Over the years, SpiderOak has struggled with this. The reason, and I suspect
many test suites run slowly for similar reasons, is tests which claim to be
testing a “unit”, but actually end up running code from many parts of the
system. In the early days of SpiderOak we worked around some of the problem by
caching, saving/restoring state using test fixtures, etc. But a much better
approach, which we’re in the process of implementing, is to make unit tests
actually test small units rather than entire systems. During the
transition, we still have the existing heavy tests to fall back on, but for
day-to-day development, small unit tests profoundly increase productivity.

There are many techniques for keeping tests small and fast, and even more for
transitioning a legacy test suite. Each code base will ultimately require its
own tricks, but I will outline a few here that we’ve adopted at SpiderOak.

Mocks

Mock objects are “stand-in” objects that replace parts of your code that are
expensive to set up or perform, such as encryption, network or disk access,
etc. Using mocks can greatly improve the running time of your tests. At
SpiderOak, we use Michael Foord’s excellent
Mock library.

One area where mocking has been particularly helpful in speeding up the legacy
tests in SpiderOak is by reducing startup time. In some cases, even if
individual tests run quickly, running the test suite can still take a long time
due to unnecessary startup costs, such as importing modules unrelated to the
code under test. To work around this, I often inject a fake module into
Python’s import system to avoid loading huge amounts of code orthogonal to what
I’m trying to test. As an example, at the top of a test module, you might see
the following:

import sys
from test.util import Bucket

# don't waste time importing the real things, since we're isolating anyway
sys.modules['foo'] = Bucket()
sys.modules['foo.bar'] = sys.modules['foo'].bar

import baz

How it works

When you import a module in Python, the interpreter first looks for it in
sys.modules. This speeds up subsequent imports of a module that has already
been imported. We can also take advantage of this fact to prevent importing of
bloated modules altogether, by sticking a lightweight fake object in there,
which will get imported instead of the real code.

In the example above, foo is a bloated module that takes a long time to load,
and baz is the module under test. baz imports foo, so without this
workaround, the test would take a long time to load as it imports foo. Since
we’re writing isolated unit tests, using Mocks to replace things in foo, we
can skip importing foo for the tests altogether, saving time.

Bucket is a simple class that I use whenever I need an object on which I can
access an arbitrary path of attributes.
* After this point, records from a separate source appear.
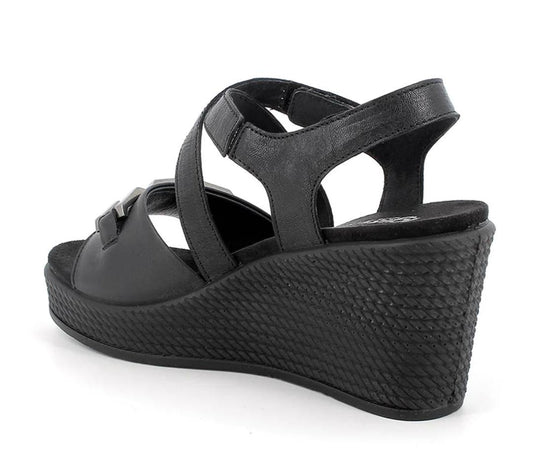 IGI&CO ZEPPA ALTA A INCROCIO DONNA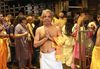 Satheesan Namboodiri Selected as the New Chief Priest of Guruvayur Temple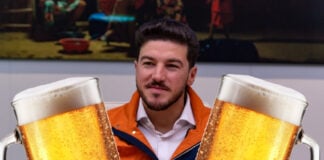 NL Gov. S. García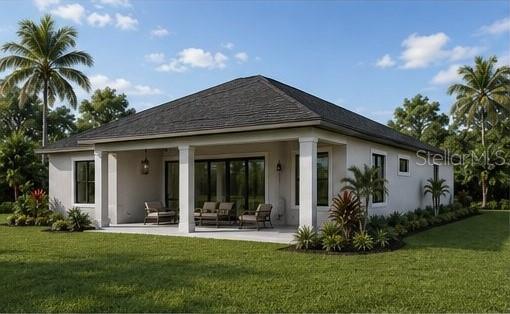 Property for sale at . TAPLIN AVENUE, NORTH PORT, FL, 34291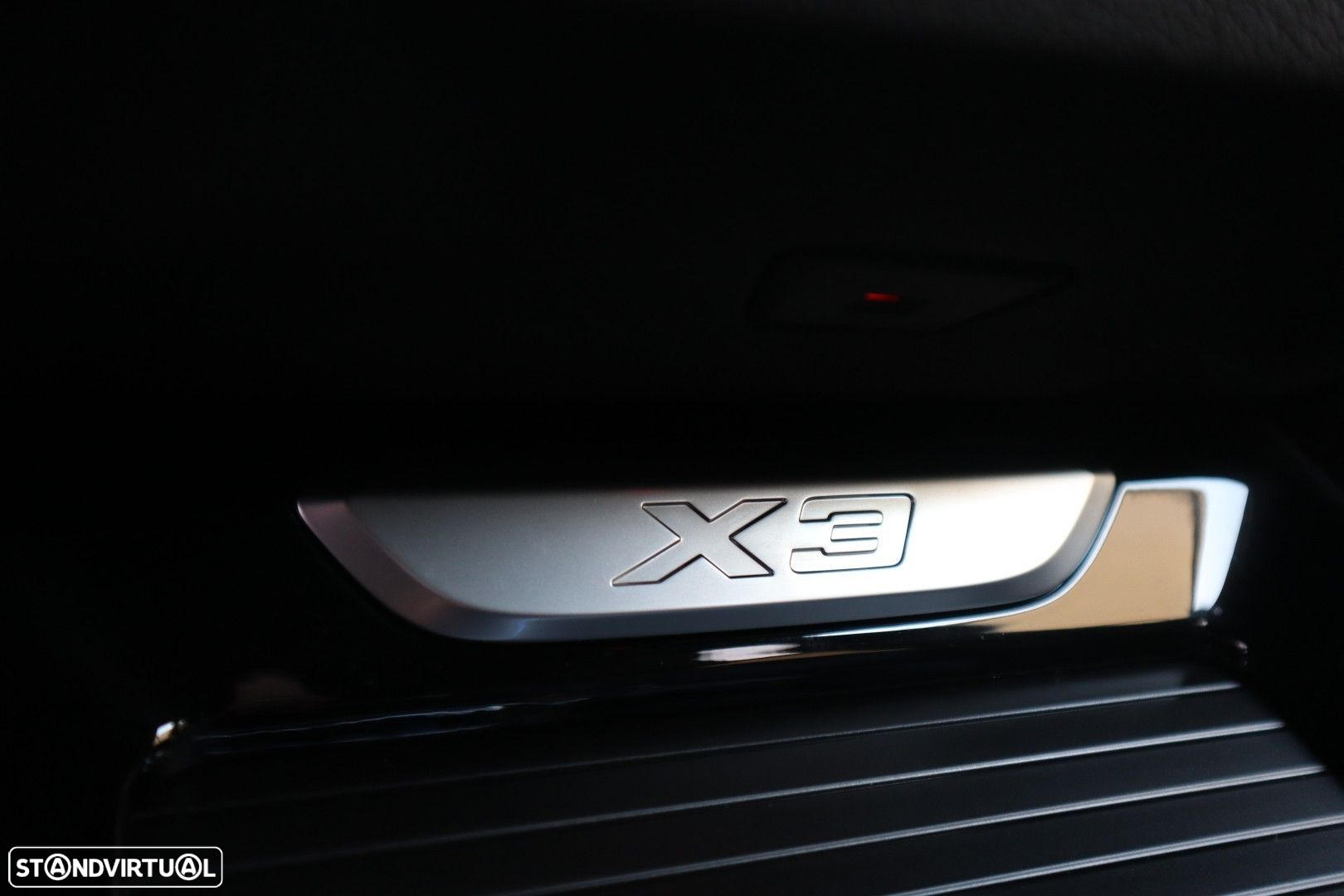 BMW X3 20 d xDrive Pack M Auto - 48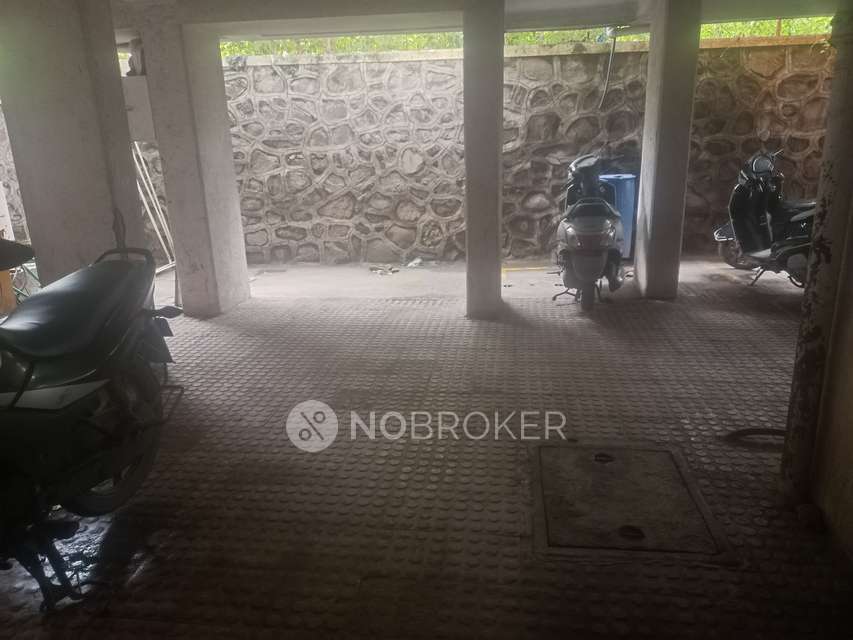 2 BHK Flat In Sarthak Residency For Sale  In Nanded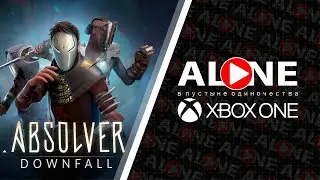 Absolver: Downfall - Геймплей | XBOX ONE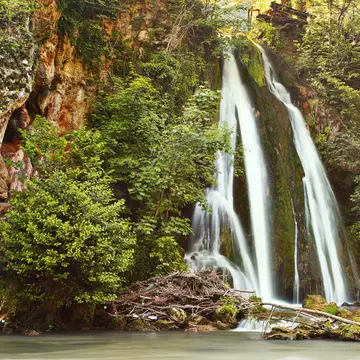 Cascade din România - cele mai frumoase și populare cascade din țara noastră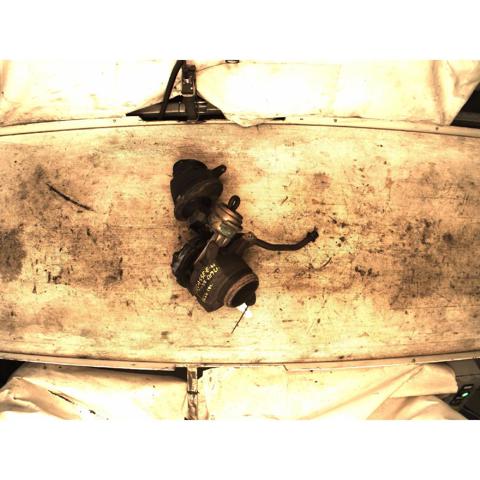 MERCEDES 611961 Motor completo  disponible Valladolid
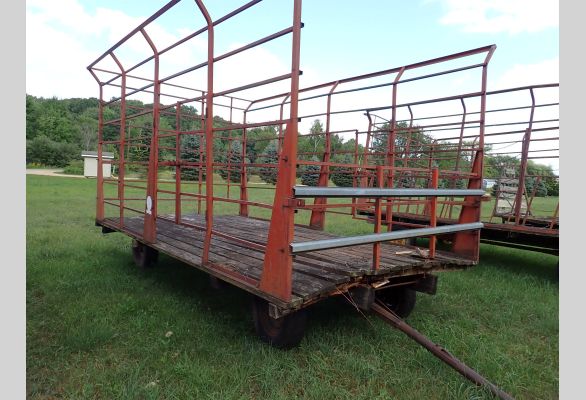 Auction listing photo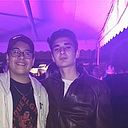 Ian Ramos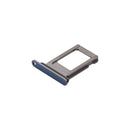 For IPhone 12 Pro Sim Holder Pacific Blue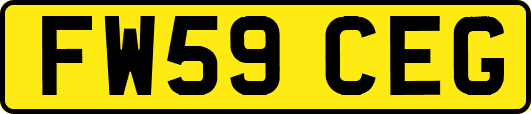 FW59CEG
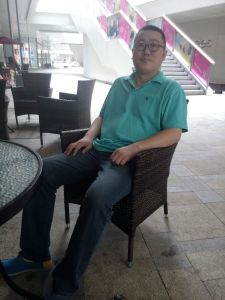 張榮國[人脈圈創始人]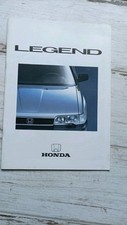 Catalogue /   Brochure HONDA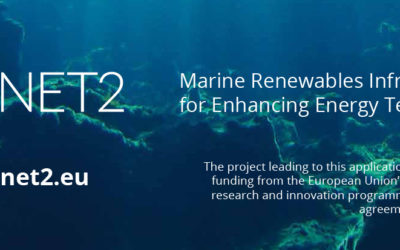 MaRINET2, programme de formation « Réduire l’incertitude dans l’analyse technico-économique de l’énergie océanique »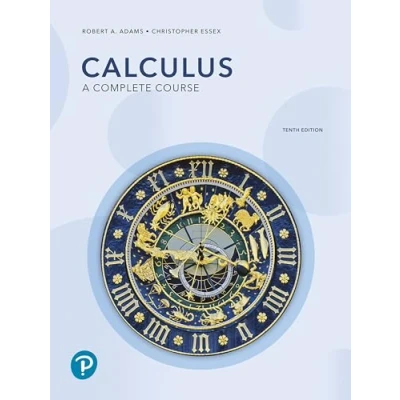 Afbeelding van Calculus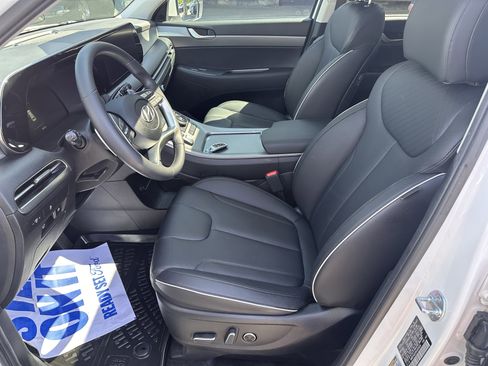 Used 2024 Hyundai Palisade XRT image 10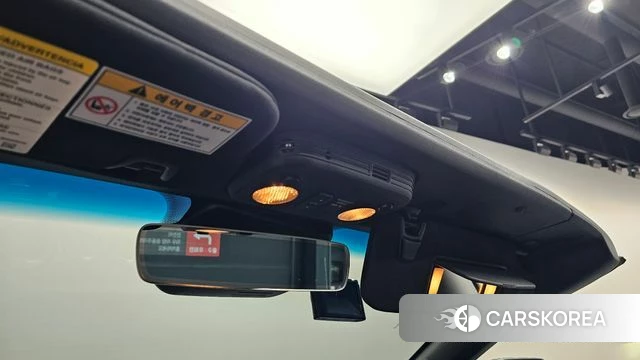 Ford Mustang id 3937067 из Кореи 10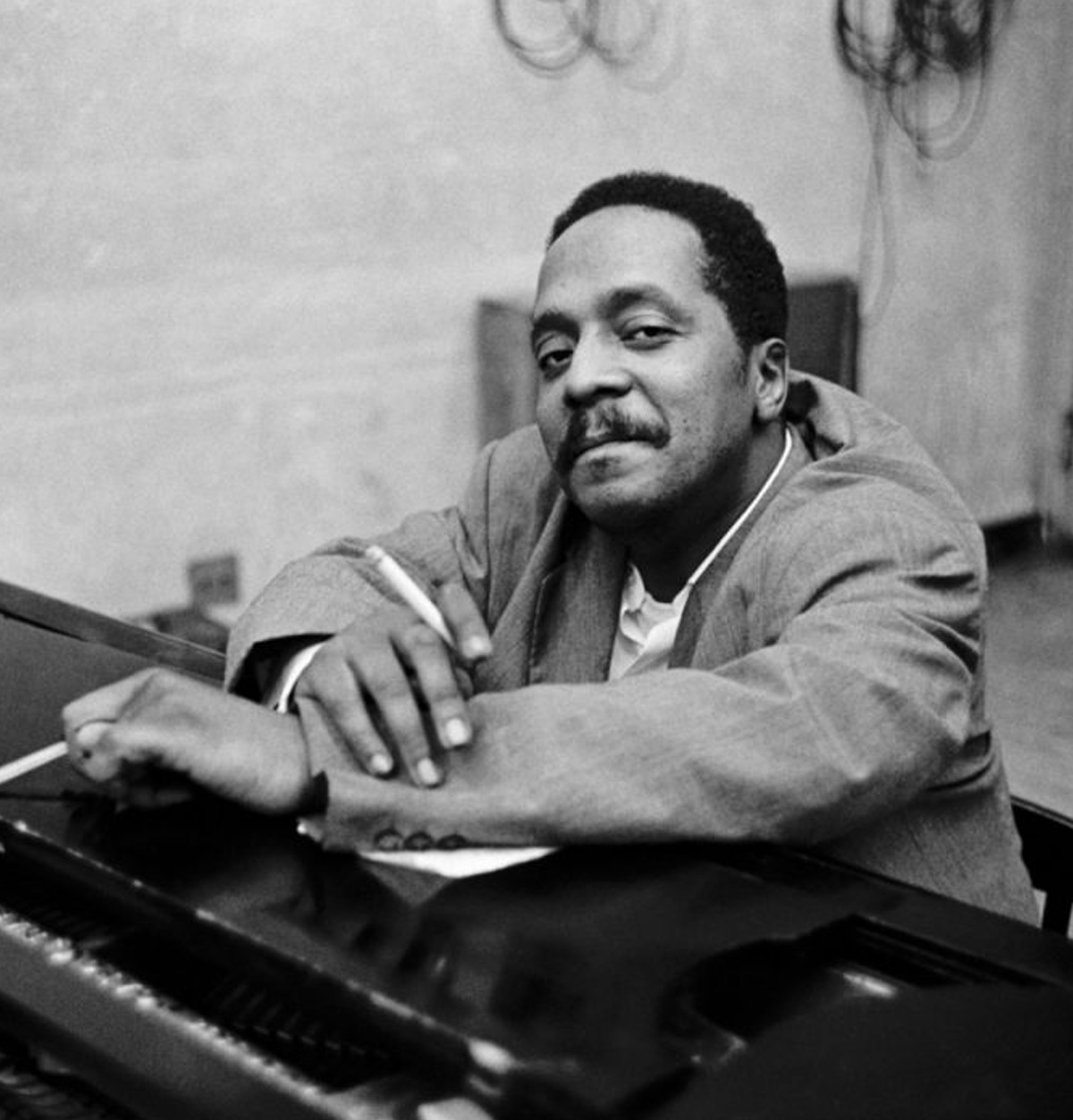 Bud Powell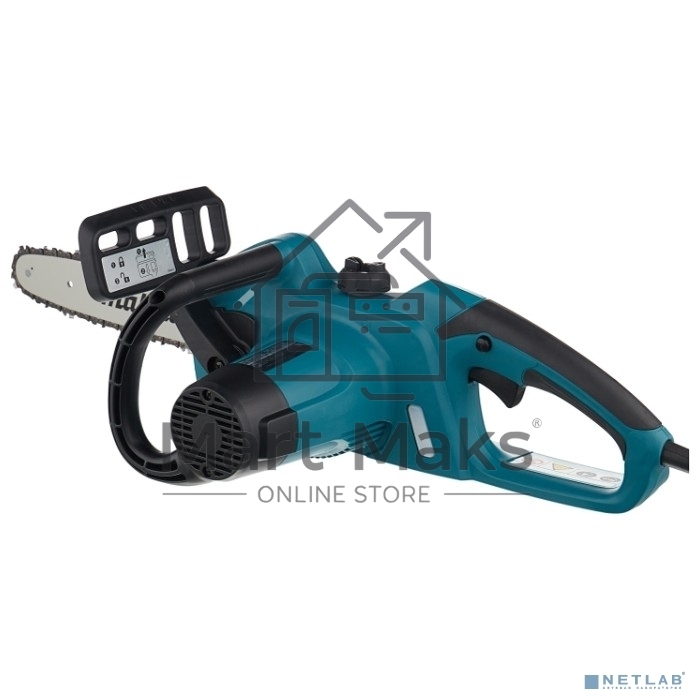 Электрическая цепная пила Makita UC3041A 1800Вт дл.шин.:30см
This is perfect for fake package/module
structures, so I often use it for this purpose.

from collections import defaultdict

class Bucket(defaultdict):
    def __init__(self, *args, **kw):
        super(Bucket, self).__init__(Bucket, *args, **kw)
        self.__dict__ = self

This class allows you to access arbitrary attributes and get another Bucket
back. For example:

bucket = Bucket()
some_object = bucket.some.path.to.some_object
assert type(some_object) == Bucket

A caveat: since Python imports packages and modules recursively, you need to insert each
part of the dotted path into sys.modules for this to work. As you can see, I
have done this for foo.bar in the example from above.

sys.modules['foo'] = Bucket()
sys.modules['foo.bar'] = sys.modules['foo'].bar

Ideally, using an isolated approach to TDD with Mock objects, your project
would never evolve into a state where importing modules takes a long time, but
when working with a legacy codebase, the above approach can sometimes help your
tests run faster, which means they’ll be run more often, during the transition.

Next, part two will outline two ways to run your tests regularly. After all, a
test suite is only useful when it is actually used.